One of the areas that GCN has continually fallen behind NVIDIA’s GPU architectures is geometry processing. AMD is hoping to improve that situation somewhat with Polaris by increasing throughput. The architecture adds primitive discard acceleration that helps to remove triangles that are hidden or are zero pixels in size from the pipe before processing occurs. As you increase multi-sample antialiasing levels this discard acceleration will scale performance improvements up. A new index cache for small, instanced geometry lowers the overhead of data movement on the chip as well, helping to improve total geometry throughput in workloads that use the feature for mass object quantities.
Though the operations per clock of Polaris is identical to that of Hawaii, AMD did put in work to improve the efficiency of the shaders to decrease power consumption. Things like instruction prefetch changes, higher buffer sizes per wave of instructions, a slightly tuned L2 cache and support for native FP16 and Int16 all work in favor of lower power. Though they do not sound significant, these changes should result in a net efficiency improvement for shaders of the RX 480 / Polaris of 15% when compared to the R9 290 / Hawaii.

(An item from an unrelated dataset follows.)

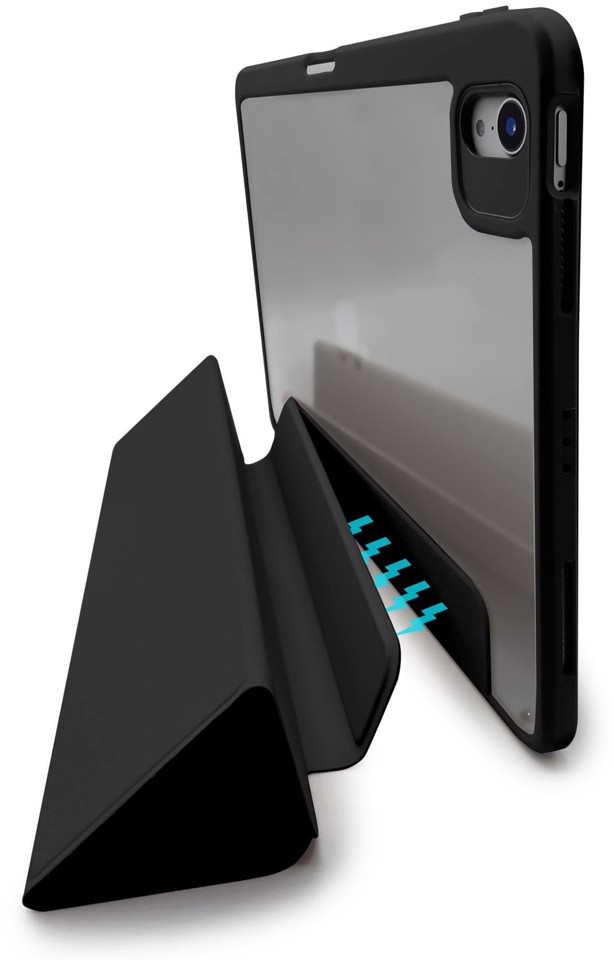 PURO Zeta Smart 27,7 cm (10.9") Custodia a libro Nero, Trasparente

Shader intrinsic functions are a feature that is common on the console space but is just now being serviced to the PC. The idea is that content developers can insert assembly directly into code without having to run your entire application in assembly. This allows for specific cases where a coder knows the most efficient way to do something to actually implement it without adversely affecting the rest of the application. With shader intrinsic functions you’ll be able to access low level shaders that wouldn’t otherwise be available and loop operations without overhead penalties.
The memory controller has been improved with Polaris in order to support GDDR5 memory up to 8 Gbps resulting in 256 GB/s of bandwidth. I did ask specifically: the Polaris 10 GPU does NOT support GDDR5X. Other changes in the memory system result in higher effective and relative memory throughput including updated DCC (delta color compression) and a doubling of the size of the L2 cache when compared to the R9 290.
As you should expect, AMD continues to push its technological advantage in asynchronous compute and was open to discussing the differences between preemption, concurrent and prioritized compute models. While NVIDIA’s Pascal definitely improved on the company’s implementation of asynchronous capability, AMD still has the advantage in some key areas, including the addition of the Quick Response Queue that allows dynamically shifting priority to be assigned to in-flight workloads, adjusting compute performance as the application demands. This is an area that can be utilized by late warp functions in Oculus VR.
Part of what makes this granularity possible is the inclusion of dedicated hardware schedulers in the silicon that offload scheduling and are able to administer real time prioritized queues. With Polaris AMD now has enabled two HWS units. According to AMD, there are two currently in place on Fiji-based products but were only used internally to validate in testing they could be used in tandem. The result is a dual HWS implementation in Polaris.